# Pfeil / Linie (Vektor) biegen, Wie?



## tutorial-hilfe (7. April 2006)

Hallo, 

wie biegt man den solche Pfeile (siehe Anhang)?
Ich habe es mit Ellipse zeichnen versucht und dann dort die Spitzten drüber gelegt.
Nur wie kann das sonnst gemacht werden?

Mit freundlichen Grüßen


----------



## Jan-Frederik Stieler (7. April 2006)

Hi,
also das Bild is tbestimmt mit einem 3D Programm erstellt worden.
Aber in einem Vektorprogramm würde ich das nicht mit den geometrischen Grundformen erstellen sondern mit dem Pfadwerkzeug nachzeichnen. 

Gruß


----------



## tutorial-hilfe (7. April 2006)

DirtyWorld hat gesagt.:
			
		

> Hi,
> also das Bild is tbestimmt mit einem 3D Programm erstellt worden.
> Aber in einem Vektorprogramm würde ich das nicht mit den geometrischen Grundformen erstellen sondern mit dem Pfadwerkzeug nachzeichnen.
> Gruß



Wie kann ich den den oberen Pfeil erstellen?


----------



## Jan-Frederik Stieler (8. April 2006)

Wenn du den türkisnen meinst da nimmst du einfach die elipse und an der Stelle wo das Loch ist machst du ein rechteck drüber und verwendest die Pathfinderfunktion (Illustrator) oder in Freehand die Öffnenfunktion (zufinden unter den Xtra-Funktionen).
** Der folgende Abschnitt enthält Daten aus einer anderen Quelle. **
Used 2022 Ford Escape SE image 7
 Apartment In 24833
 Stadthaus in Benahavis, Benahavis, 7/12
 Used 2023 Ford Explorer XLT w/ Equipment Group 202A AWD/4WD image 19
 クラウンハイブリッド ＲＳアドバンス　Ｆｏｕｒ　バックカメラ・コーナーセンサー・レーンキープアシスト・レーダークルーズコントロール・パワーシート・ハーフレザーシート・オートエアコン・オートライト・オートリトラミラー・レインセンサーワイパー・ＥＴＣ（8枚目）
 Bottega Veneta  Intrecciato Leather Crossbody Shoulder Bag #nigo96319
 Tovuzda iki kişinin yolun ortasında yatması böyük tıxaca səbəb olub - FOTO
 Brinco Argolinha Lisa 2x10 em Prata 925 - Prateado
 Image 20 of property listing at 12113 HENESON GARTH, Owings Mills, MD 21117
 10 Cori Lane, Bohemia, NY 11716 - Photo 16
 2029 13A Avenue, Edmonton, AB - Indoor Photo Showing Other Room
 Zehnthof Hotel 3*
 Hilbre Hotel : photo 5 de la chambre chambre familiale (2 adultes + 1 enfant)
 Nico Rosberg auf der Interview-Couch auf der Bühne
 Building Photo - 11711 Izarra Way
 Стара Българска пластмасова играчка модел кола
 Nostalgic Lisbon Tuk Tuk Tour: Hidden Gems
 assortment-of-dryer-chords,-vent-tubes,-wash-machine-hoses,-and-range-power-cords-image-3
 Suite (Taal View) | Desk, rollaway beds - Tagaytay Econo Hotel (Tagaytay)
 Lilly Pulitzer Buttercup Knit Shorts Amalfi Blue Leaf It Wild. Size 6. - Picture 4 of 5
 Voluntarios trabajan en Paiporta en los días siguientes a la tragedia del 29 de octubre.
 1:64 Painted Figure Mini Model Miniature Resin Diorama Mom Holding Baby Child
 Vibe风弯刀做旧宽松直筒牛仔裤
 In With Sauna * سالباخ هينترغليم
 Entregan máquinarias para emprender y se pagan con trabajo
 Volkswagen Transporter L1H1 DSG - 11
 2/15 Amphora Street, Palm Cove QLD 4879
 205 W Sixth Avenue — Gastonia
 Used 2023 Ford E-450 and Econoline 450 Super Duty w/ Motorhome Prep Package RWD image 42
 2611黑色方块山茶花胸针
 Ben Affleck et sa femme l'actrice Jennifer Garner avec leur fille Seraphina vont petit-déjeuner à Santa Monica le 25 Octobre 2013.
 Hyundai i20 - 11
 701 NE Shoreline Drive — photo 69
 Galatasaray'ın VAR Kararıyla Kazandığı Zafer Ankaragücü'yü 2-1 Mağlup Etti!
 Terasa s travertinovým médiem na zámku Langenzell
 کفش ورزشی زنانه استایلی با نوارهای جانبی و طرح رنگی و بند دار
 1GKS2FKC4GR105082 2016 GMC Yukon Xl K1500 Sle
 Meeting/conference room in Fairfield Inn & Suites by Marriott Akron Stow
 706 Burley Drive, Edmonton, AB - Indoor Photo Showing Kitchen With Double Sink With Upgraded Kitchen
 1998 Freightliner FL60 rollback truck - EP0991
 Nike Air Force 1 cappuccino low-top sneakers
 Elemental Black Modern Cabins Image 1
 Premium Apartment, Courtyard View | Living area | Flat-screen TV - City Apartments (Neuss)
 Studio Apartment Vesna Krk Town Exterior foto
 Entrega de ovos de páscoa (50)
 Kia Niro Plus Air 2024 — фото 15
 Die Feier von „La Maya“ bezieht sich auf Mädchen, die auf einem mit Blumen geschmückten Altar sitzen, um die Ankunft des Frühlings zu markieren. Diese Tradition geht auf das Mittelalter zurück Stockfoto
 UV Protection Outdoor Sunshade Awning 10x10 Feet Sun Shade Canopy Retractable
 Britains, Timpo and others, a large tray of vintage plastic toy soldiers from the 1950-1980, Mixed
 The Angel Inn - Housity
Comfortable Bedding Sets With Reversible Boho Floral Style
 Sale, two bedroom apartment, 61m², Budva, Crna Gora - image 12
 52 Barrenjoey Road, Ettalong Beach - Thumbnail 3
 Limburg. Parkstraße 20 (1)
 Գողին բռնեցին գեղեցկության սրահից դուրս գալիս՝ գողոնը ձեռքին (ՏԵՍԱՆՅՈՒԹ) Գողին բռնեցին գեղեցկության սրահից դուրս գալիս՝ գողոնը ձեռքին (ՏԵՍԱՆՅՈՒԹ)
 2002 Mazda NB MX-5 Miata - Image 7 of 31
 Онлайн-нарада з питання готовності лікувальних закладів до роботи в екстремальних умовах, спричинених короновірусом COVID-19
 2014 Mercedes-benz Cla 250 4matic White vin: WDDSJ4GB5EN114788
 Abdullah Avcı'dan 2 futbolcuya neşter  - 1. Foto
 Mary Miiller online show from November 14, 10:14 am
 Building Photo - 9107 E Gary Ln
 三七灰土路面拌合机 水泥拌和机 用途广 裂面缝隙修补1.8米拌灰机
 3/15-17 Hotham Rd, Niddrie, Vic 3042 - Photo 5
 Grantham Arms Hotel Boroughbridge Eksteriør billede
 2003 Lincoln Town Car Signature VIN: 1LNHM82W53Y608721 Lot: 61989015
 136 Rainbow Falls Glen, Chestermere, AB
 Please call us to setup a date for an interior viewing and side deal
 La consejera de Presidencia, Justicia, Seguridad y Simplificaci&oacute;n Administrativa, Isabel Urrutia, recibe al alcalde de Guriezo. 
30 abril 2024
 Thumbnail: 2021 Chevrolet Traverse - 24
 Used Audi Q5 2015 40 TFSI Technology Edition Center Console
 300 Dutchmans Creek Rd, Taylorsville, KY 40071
Und die Pfeilspitzen grad einfach mit nem Dreieck.
Aber das ist ja eigentlich das was du auch schon ausprobiert hast. Die andere Möglichkeit wäre halt wieder das Pfadwerkzeug zu verwenden. Nur wirst du mit der anderen Methode ein schöneres/perfekteres Ergebnis erreichen.

Gruß


----------



## schurre (8. April 2006)

In Corel Draw nimmst du das Ellipsenwerkzeug, schaltest auf  die geöffnete Kreislinie auf und zeichnest eine Ellipse. Dann die beiden Endpunkte der Linie an die richtige Stelle ziehen. Fehlen noch die Pfeilspitzen: Dazu gehst du auf das Flyoutmenü "Umriss" und dort auf das erste Symbol (Dialogfeld Umrißstift). In dem kannst du dann für beide Enden eine Pfeilspitze auswählen. Die Größe der Pfeilspitze skaliert übrigens mit der Liniendicke.


----------